April 16, 2006 at 1:00 pm #12779The Gospel of Thomas is quite interesting but is NOT considered to be w/o agenda by anyone who seriously studies this sort of thing. It’s been a few years since I looked into this but I believe it’s associated with a school outside the mainsteam that had a DEFINITE agenda — basically one of the “mystery” schools that were all about “hidden knowledge” for the “initiated”.
In contrast, most of christianity was — at least in the first few hundred years — all about INCLUSION and spreading the word. The Gospel of Thomas wasn’t included in the cannon precicely because it was viewed as being NOT ACCURATE, and for attributing words to Jesus to meet the authors’ own (made up) hidden knowledge agenda.
This doesn’t mean it’s not interesting, or similar to both eastern thought and mediteranean mystery cults in some of it’s imbedded philosophy.
By the way, the gospel considered to be the one that is the most w/o aganda is Mark. It’s considered the oldest, and the source (or a source) of both Mathew and Luke. It reads very blunt, without much embelishment, and kind of has the flavor of someone reporting about something that they can’t really get their head around.
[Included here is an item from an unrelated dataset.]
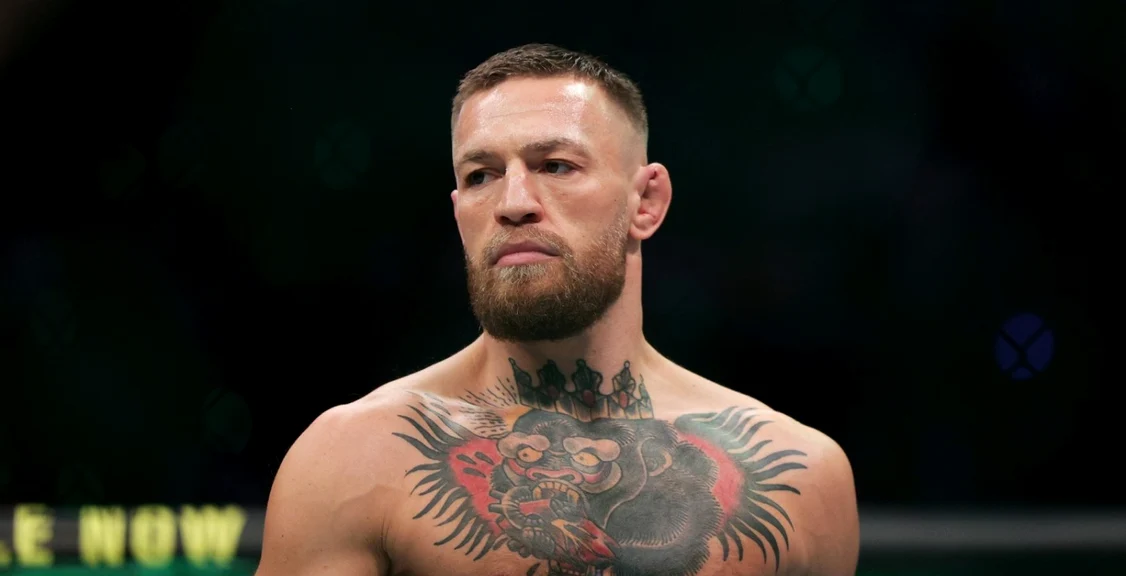 McGregor e băiat rău și dincolo de ring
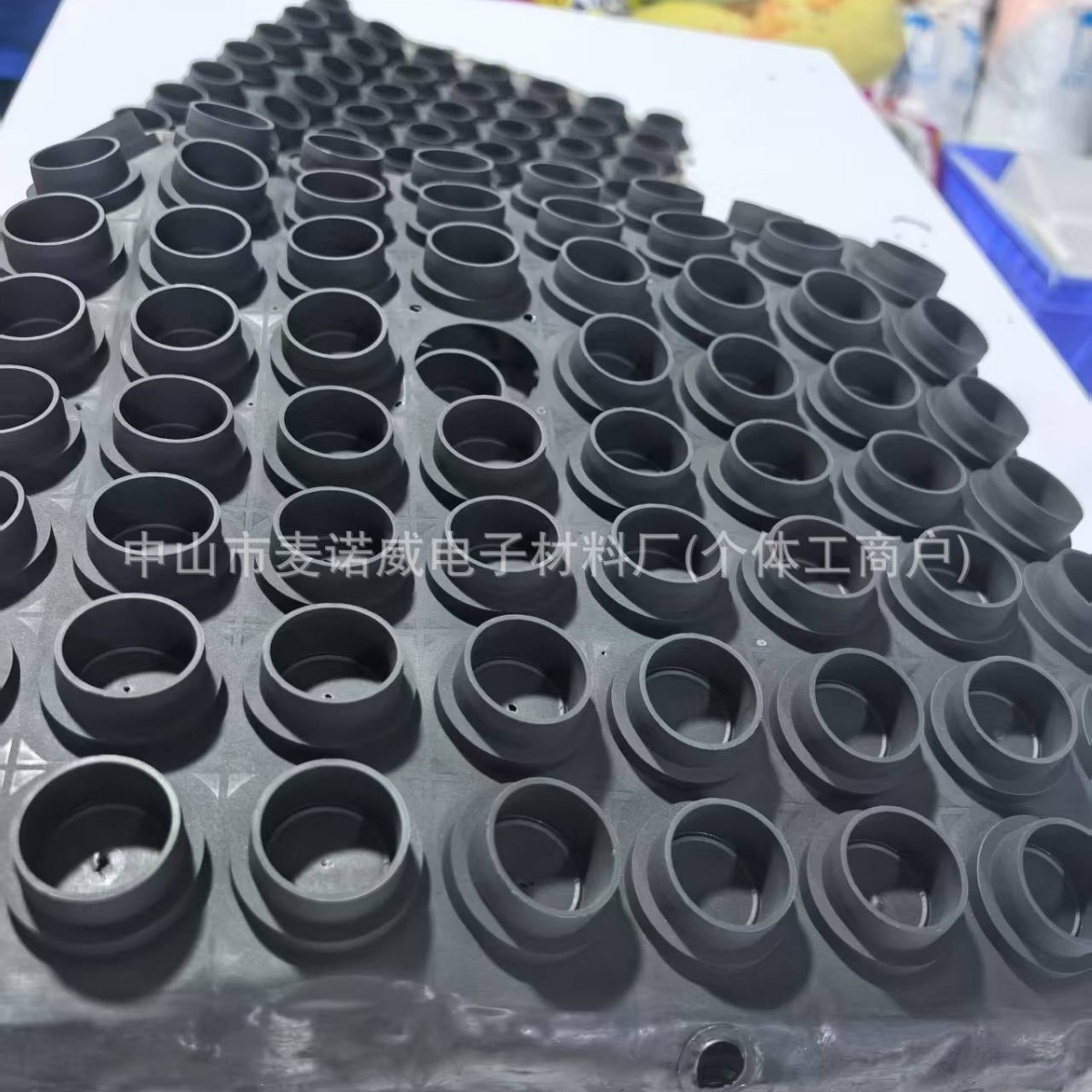 In-Stock Silicone Waterproof Sealing Ring Silicone Plug Silicone Stopper Xiaolan Silicone Factory Silicone Sleeve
Not a bad read.
I’d also reccomend John and many of Paul’s letters, but for different reasons.
Finally, it’s all very nice to say “Jesus and Buddha taught the same thing” and “Jesus was just like Lao Tse”, but that is really a complete insult to everything those guys believed (at least according to most historical records).
Certainly you can pick and choose concepts that are similar among the three but Jesus was, w/o question, a practicing Jew. He believed, w/o question, in a personal god. That is, one — and only one — who was omnicient and omnipotent, and who had a definite personality and agenda. This being could be talked to, pursuaded and reasoned with.
This sort of god is central to Jesus’ beliefs and not only absent from but wholly inconsistent with the beliefs of Buddha and Lao Tse.
April 16, 2006 at 8:58 pm #12781Thanks Spyrelx for saying the obvious. And fyi, I haven’t forgotten. Topic will be covered after round 7.